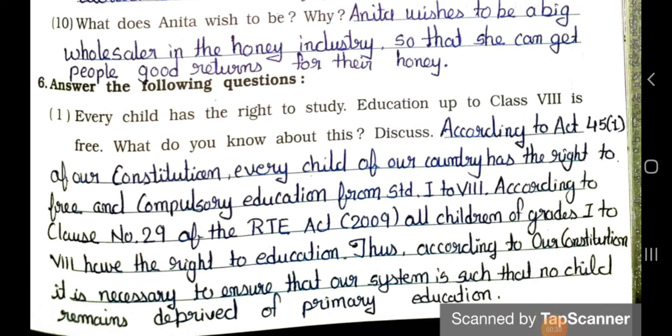Question number 1: Every child has the right to study. Education up to class 8 is free. What do you know about this? Discuss. Answer: According to Article 45.1 of our constitution, every child of our country has the right to free and compulsory education from standard 1st to 8. According to clause number 29 of the RTE Act 2009, all children of grades 1st to 8 have the right to education. Thus, according to our constitution, it is necessary to ensure that no child remains deprived of primary education.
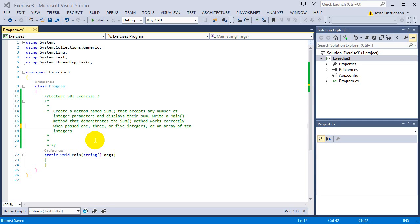Welcome to lecture 50, exercise 3. The challenge for this exercise is to create a method named sum that accepts any number of integer parameters and displays their sum.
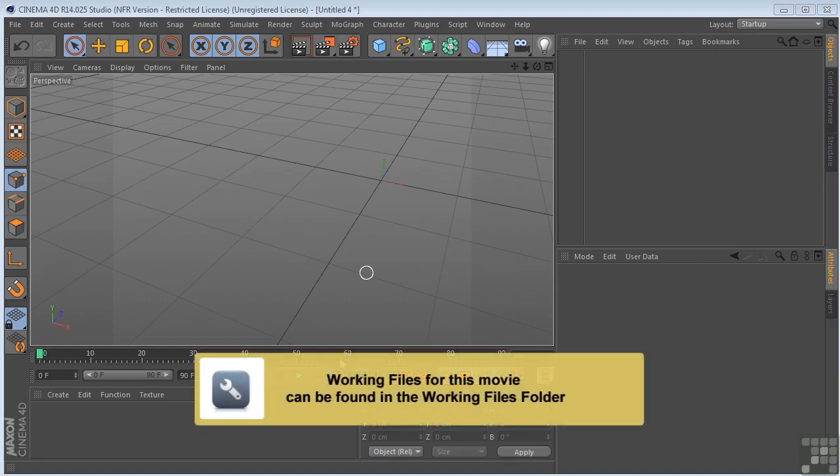Alright, let's take a look at the spline wrap. This is by far one of the coolest deformers in Cinema 4D, in my opinion.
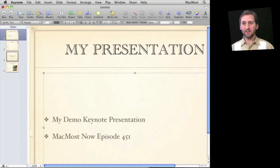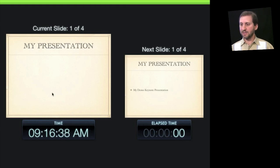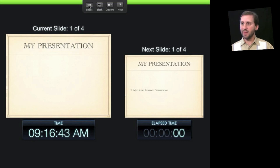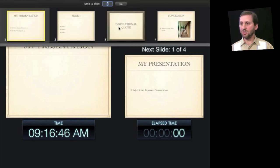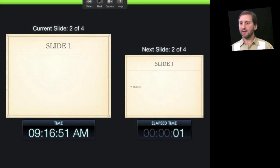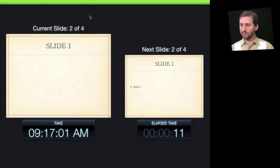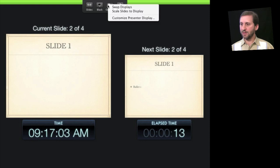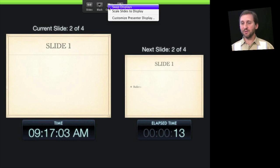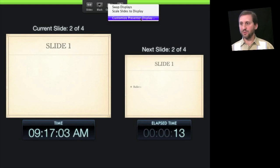When it comes time to present you also have a lot of options. You can see all the things on your presenter display. At the top of the screen there are controls: you can click on Slides to jump to any slide in the presentation, then click Go. You can also switch to black, which will blank out the display that everybody else is seeing while you can still see things on your presenter screen. Under options you can swap displays right there — so if you realize you've mixed up the displays you can fix it quickly without going back into Keynote preferences.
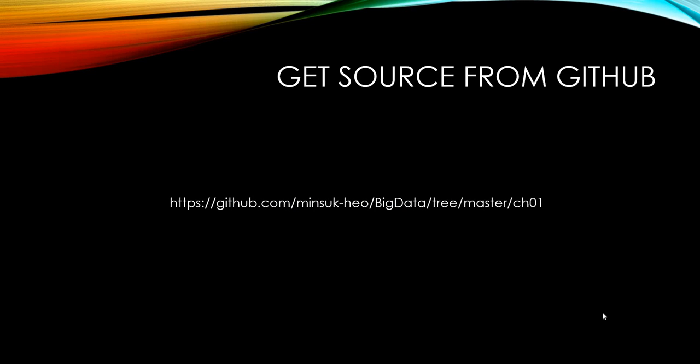You can get the source code from my GitHub website. Thanks for watching. See you on the next video.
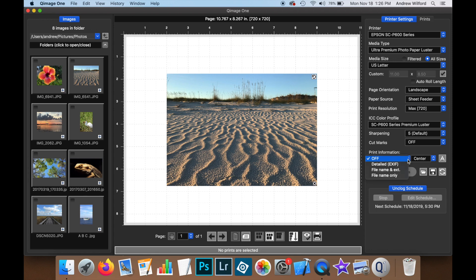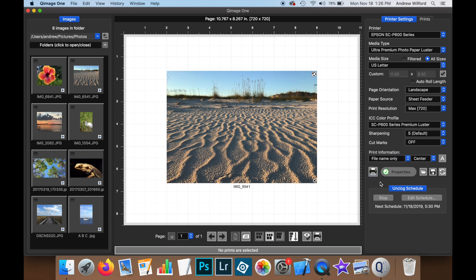If we turn it on we can choose one of the choices which is file name only and you will see that the file name of this image appears underneath in the live view. This will also appear in the preview and it will be printed on the final media.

Your objective ▸
Your reply should give again exactly the lines from the one with "When it comes" through the last line of the data, with both ends included and pictures left out.

Your response ▸
When it comes time to present you also have a lot of options. You can see all the things on your presenter display. At the top of the screen there are controls: you can click on Slides to jump to any slide in the presentation, then click Go. You can also switch to black, which will blank out the display that everybody else is seeing while you can still see things on your presenter screen. Under options you can swap displays right there — so if you realize you've mixed up the displays you can fix it quickly without going back into Keynote preferences.
You can get the source code from my GitHub website. Thanks for watching. See you on the next video.
If we turn it on we can choose one of the choices which is file name only and you will see that the file name of this image appears underneath in the live view. This will also appear in the preview and it will be printed on the final media.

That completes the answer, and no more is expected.